EZ DOH

I can't call this a product review because I've never used this product BUT I HAVE tasted the bread it makes and I pronounce it yummy.

I recently attended the Taste of Home Cooking School in Morgantown to advertise my new business, Mountain Mamas Retreats, Weekend Getaways for Crafty Ladies. Our booth was beside the EZ DOH booth.

The EZ DOH is a plastic bucket with a hand-cranked dough hook (called a kneading piece) on it. It's a manual bread maker fashioned after an antique bread bucket that EZ DOH's founders, husband and wife Ginny and Dave, bought at a garage sale. Ginny told me she was a chef or caterer and made bread in the big bucket but longed for something smaller to make only 1-2 loaves and also to give her friends who asked her to teach them how to make bread. Ginny said her EZ DOH invention is ideal if you want a little help mixing and kneading bread and you either don't have or don't want an electric bread machine.

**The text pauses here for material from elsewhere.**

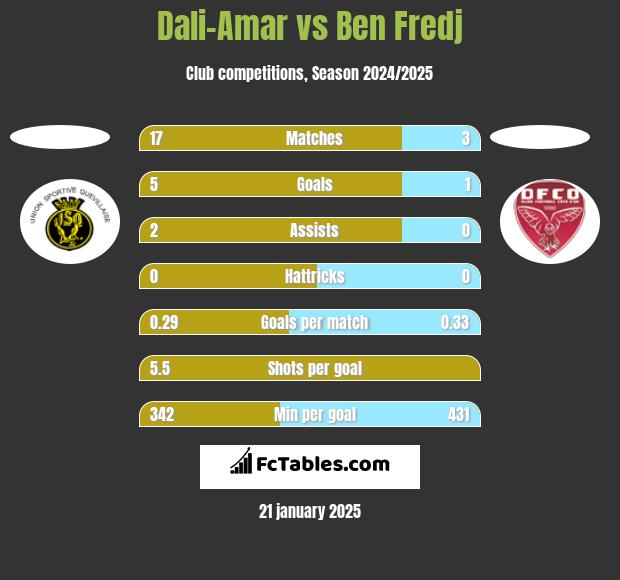 Dali-Amar vs Ben Fredj h2h player stats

Find out more about the EZ DOH and even watch videos of Ginny using it on her Facebook page and at the product web site www.EZDOH.com. Like I said, I didn't try to use it but Ginny did give me her leftover samples of cranberry bread and shaped dinner rolls and they were pretty good. She also sells bread mixes to use in the bucket and made-in-the-USA bakeware and accessories. The bread blade she sells is made in France. The bucket and two mixes retail for about $40.

And if it's important to you that your purchases support a greater good, this one will. EZ DOH donates a percentage of every sale to Please Pass the Bread, a world-wide feeding ministry of the World Challenge organization, that has established 60 feeding sites in 8 countries, serving meals to more than 6,000 impoverished children. The EZ DOH bucket is printed with a Bible verse: John 6:35 – “And Jesus said to them, 'I am the bread of life. He who comes to me shall never hunger and he who believes in Me shall never thirst.’" Ginny and Dave say on their Web site, "It’s a truth that fuels our lives and motivates our business."

Check it out -- and remember you heard about the EZ DOH bread bucket from Good Press first!